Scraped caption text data

++++

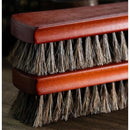 0000003f0fff079f03fc067c023d06750671087f01fe079e042e06ae04e03400002b00101c02060113202b06172b1b15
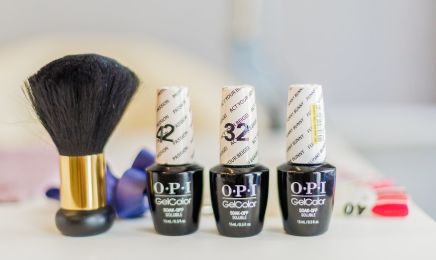 My Ongles : Institut de beauté à Paris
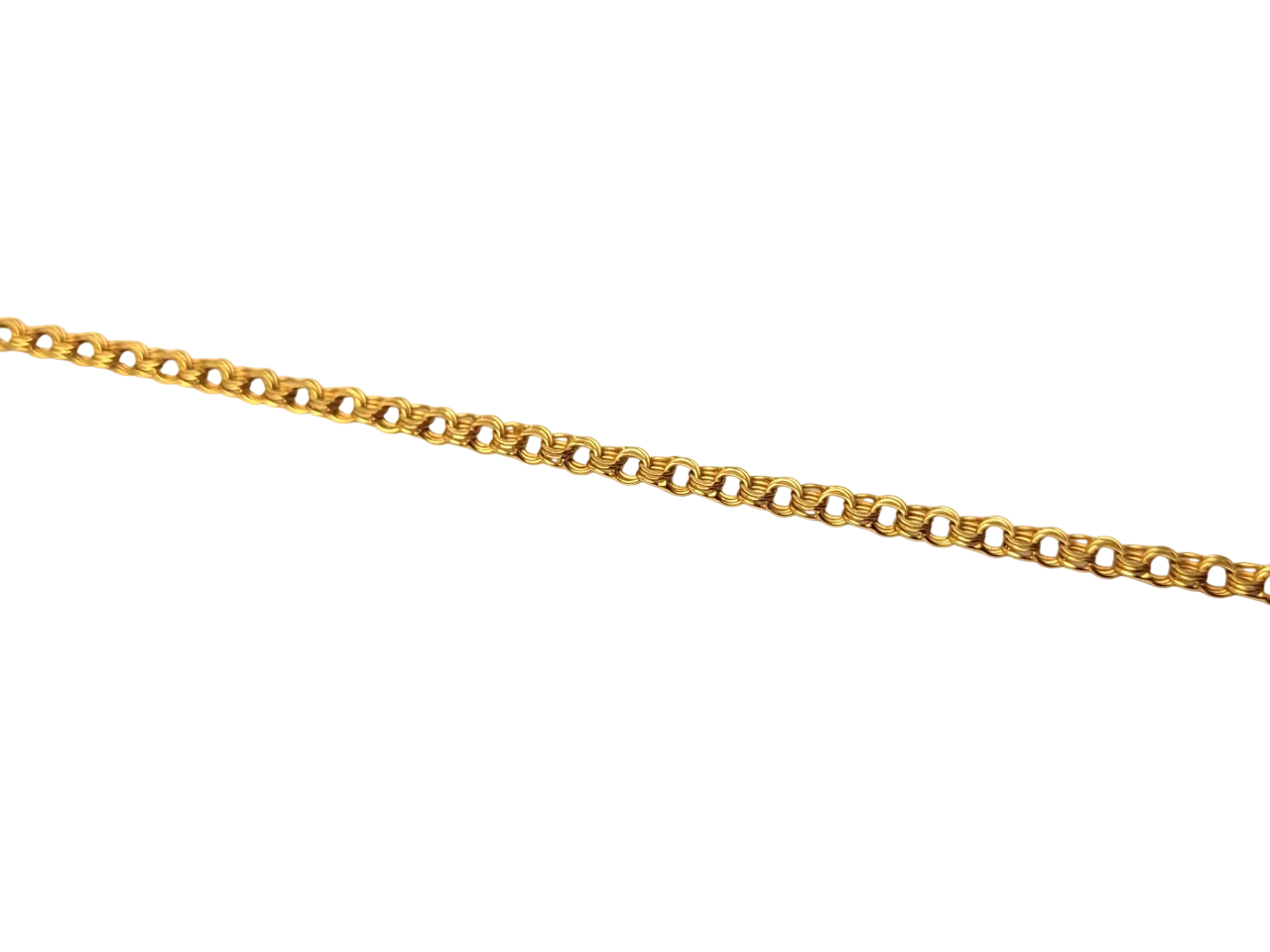 zloty-lancuszek-626g58554cm-reymonta-13-opole-sj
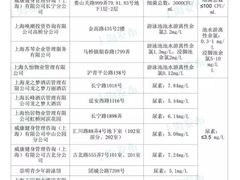 -虹桥河滨花园会所游泳馆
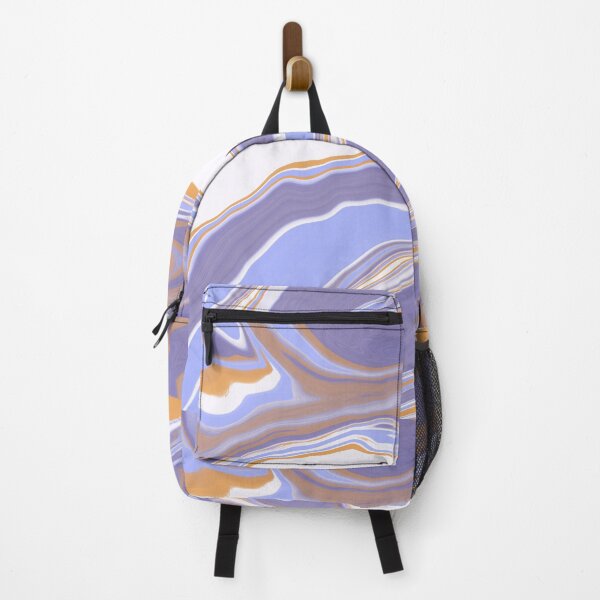 Item preview, Marble pattern, abstract pattern designed and sold by PAINTORS.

++++

Could you return each line, unchanged, from the line containing "zloty-lancuszek-626g58554cm-reymonta-13-opole-sj" through the last line of the entries above, leaving out the pictures?

*ANSWER BOX*.
 zloty-lancuszek-626g58554cm-reymonta-13-opole-sj
 -虹桥河滨花园会所游泳馆
 Item preview, Marble pattern, abstract pattern designed and sold by PAINTORS.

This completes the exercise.